• _AIM OF THE EXERCISE_: The data below should be copied out exactly, with its pictures omitted.

• _DATA SECTION_:
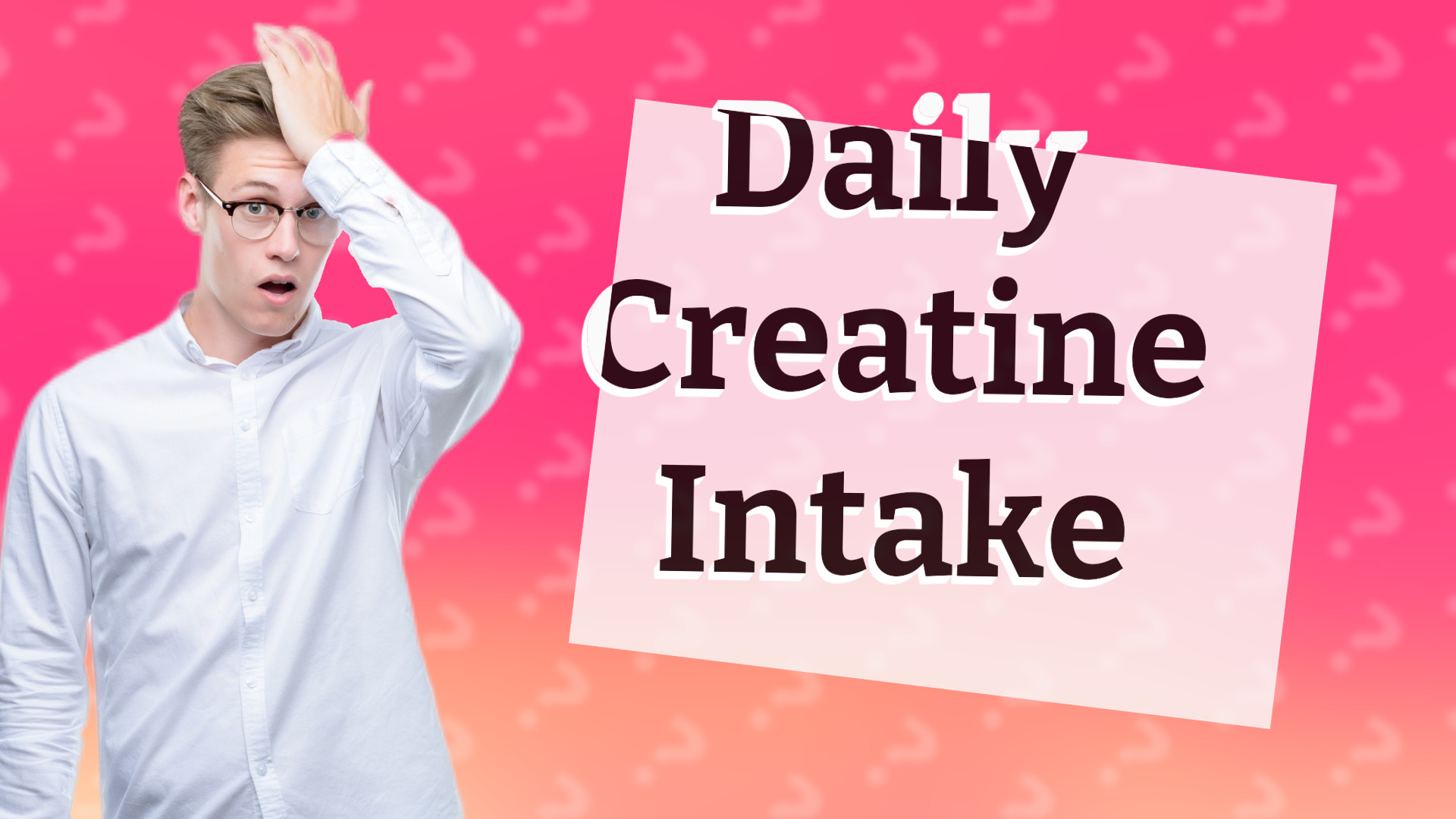 Daily Creatine Intake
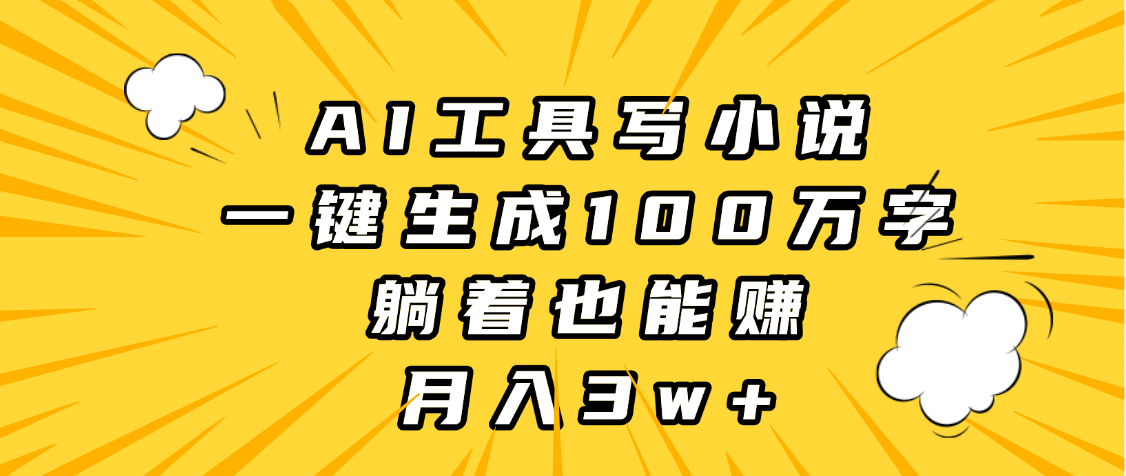 AI工具写小说，一键生成100万字，躺着也能赚，月入3w+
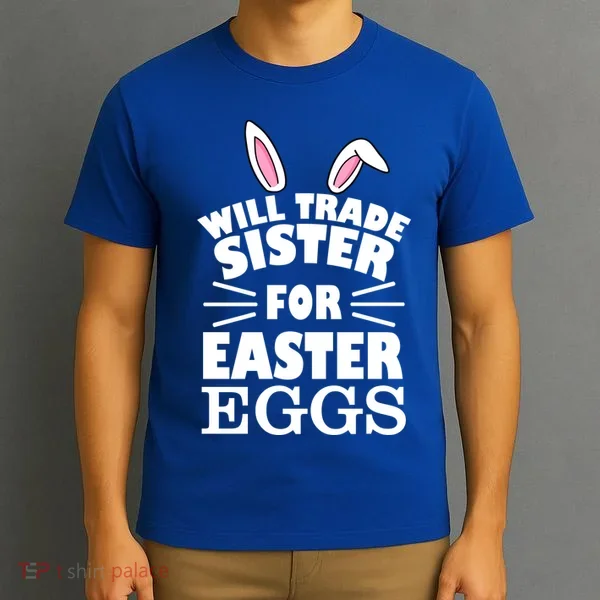 Will Trade Sister For Eggs T-Shirt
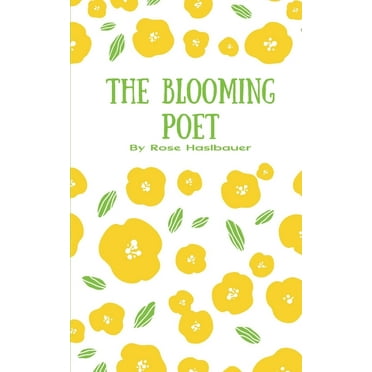 The Blooming Poet, (Paperback)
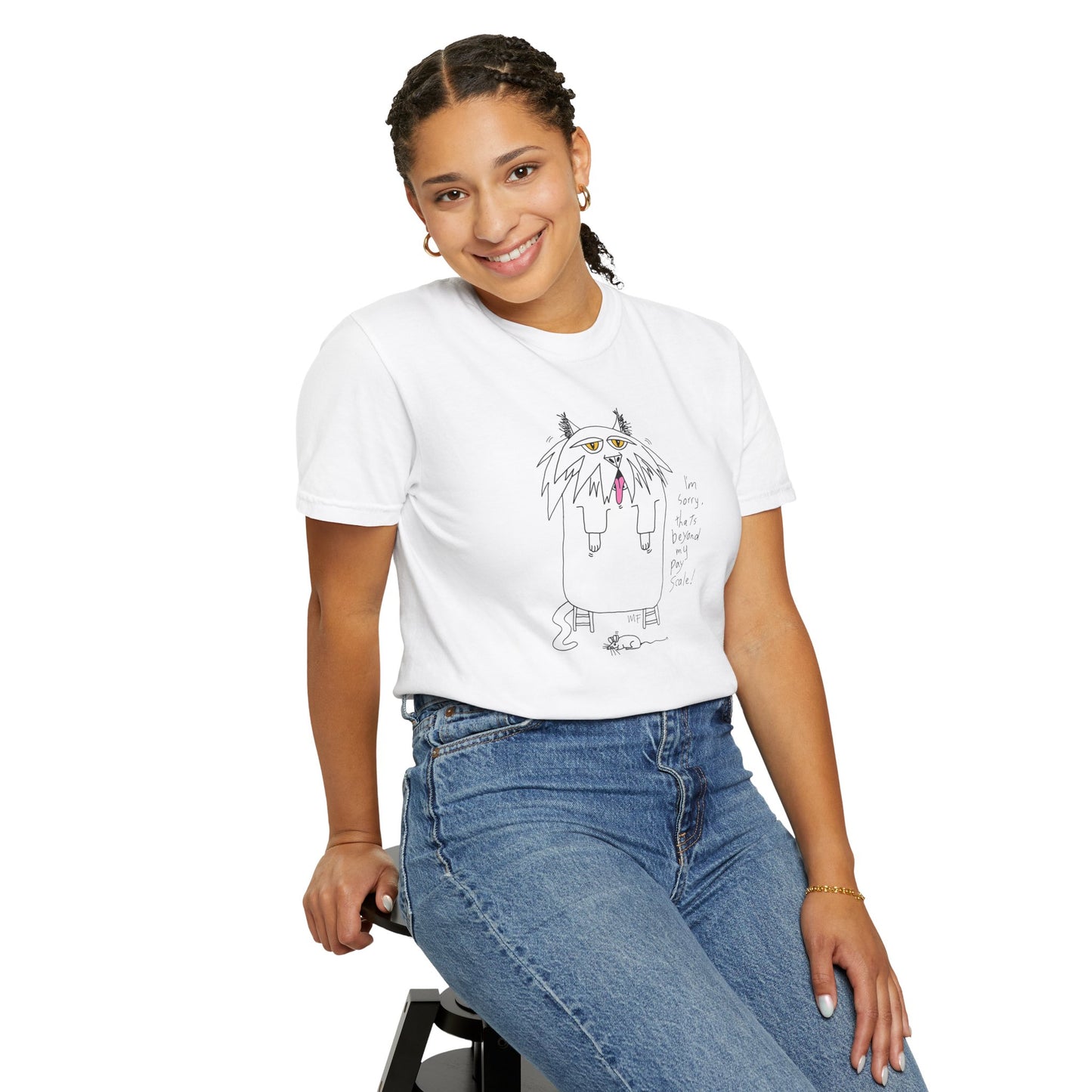 Cat Gagging Unisex T-shirt - I'm sorry, that's beyond my pay scale! by artist Marie Frederique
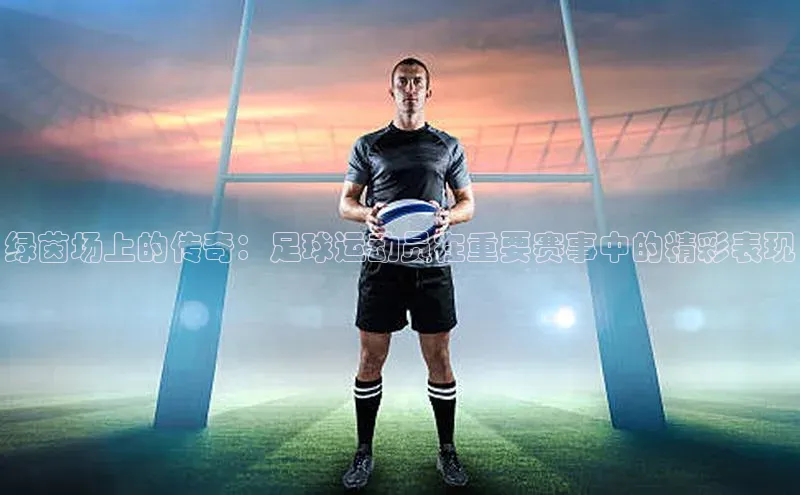 欧陆娱乐App下载链接遥望科技绿茵场上的传奇：足球运动员在重要赛事中的精彩表现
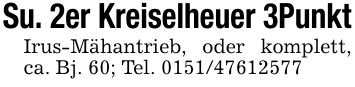 Su. 2er Kreiselheuer 3PunktIrus-Mähantrieb, oder komplett, ca. Bj. 60; Tel. ***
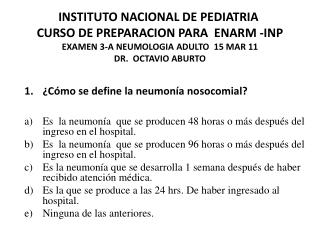 ¿Cómo se define la neumonía nosocomial ?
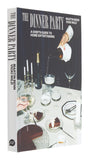 The Dinner Party: A Chef's Guide to Home Entertaining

• _EXERCISE RESULT_:
 Daily Creatine Intake
 AI工具写小说，一键生成100万字，躺着也能赚，月入3w+
 Will Trade Sister For Eggs T-Shirt
 The Blooming Poet, (Paperback)
 Cat Gagging Unisex T-shirt - I'm sorry, that's beyond my pay scale! by artist Marie Frederique
 欧陆娱乐App下载链接遥望科技绿茵场上的传奇：足球运动员在重要赛事中的精彩表现
 Su. 2er Kreiselheuer 3PunktIrus-Mähantrieb, oder komplett, ca. Bj. 60; Tel. ***
 ¿Cómo se define la neumonía nosocomial ?
 The Dinner Party: A Chef's Guide to Home Entertaining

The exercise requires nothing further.